I don't think STJs are seen like that. To me, you guys look more like people who only want the world to function properly, orderly, calmly, normally, as it should, instead of hysterical left/right conspiracy theorists running around like headless chicken burning it all to the ground because of some imagined problem, like gay frogs or patriarchy. So, by my book, when I think of STJs I think of people like Robert Mueller (not sure if he's really an STJ, but his public image is STJ-like) and not Ben Shapiro.


----------



## Adelis (Jun 1, 2019)

Streilnikov.

Left n right, its a hegelian dialect. They are one n same, as they tend to create separatism. Its fake. The real one is up - down. Heaven - Hell. Forgive or kill here. You find left or right forgiving?

Shapiro, x, y, z. Theres no diff. The diff is mbti. You as an entj will never get my need as an intj to recharge. You are made to lead people, n im created to make you a solid vision on how to achive success optimally. You will value my input, and ill value your ledership.

but if theres no communication, youll lead in a direction told you indirectly by egoists, and ill drain myself from having too many yesses around me asking a hands on plural involment day to day


----------



## Stevester (Feb 28, 2016)

Strelnikov said:


> when I think of STJs I think of people like Robert Mueller


I think he is definitely an ISTJ. He's like _''Well, the constitution, established rules, protocol and whatnot prevent me from flat out saying this guy is full of shit, BUT come on people, if it walks like a duck and quacks like a duck...''_. This is why we need an SP type to investigate Trump.


----------



## Opticprune5 (Oct 30, 2020)

NIHM said:


> I don't believe you can base his actions and state all ENTJs will act or have his views. Everyone is different. Every group will have assholes in them.


As a ENTJ myself yes we are all like this and we are proud


----------



## HolyMoony (Mar 11, 2021)

NIHM said:


> Yeah I got either ESTJ or ENTJ. All I see is a pie full of Te lead. I can see good argurments for ESTJ.


Yes. He is not ENTP. Obvious Te lead. I vote for ESTJ because I see Ne rather than Ni.


----------



## HolyMoony (Mar 11, 2021)

Stevester said:


> I think he is definitely an ISTJ. He's like _''Well, the constitution, established rules, protocol and whatnot prevent me from flat out saying this guy is full of shit, BUT come on people, if it walks like a duck and quacks like a duck...''_. This is why we need an SP type to investigate Trump.
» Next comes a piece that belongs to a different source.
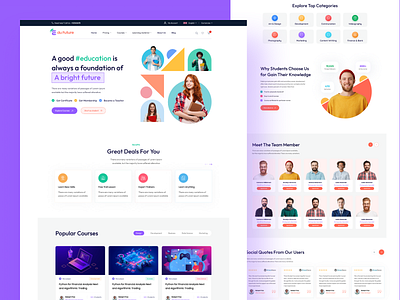 Edu Future - Online Course Landing Page card clean design design e learning education homepage landing page learning management system minimal online online class online course teaching tutor ui ui design ui element uiux website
I think he is not intuition inferior, he goes on tangents and hypothethical situations often. Definitely Te lead. And Ne tert so ESTJ.


----------



## goodvibe (Aug 23, 2013)

He seems very Te and Ne to me.


----------



## Fru2 (Aug 21, 2018)

ENFP, he's Ne dom and uses Si in his arguments. Fi-Te is his main toolbox, both functions serve Ne - the search for potential opportunities. This can can be expressed by the seeking of further opportunities for his tribe, in the way of bendig and manipulating public perception and judgment. Thus not Te dom.
He's authoritarian about his Fi, an introverted judging function, not an introverted perceiving function.


----------



## Hexigoon (Mar 12, 2018)

No way is this man an Ne-dom. Are people having a joke?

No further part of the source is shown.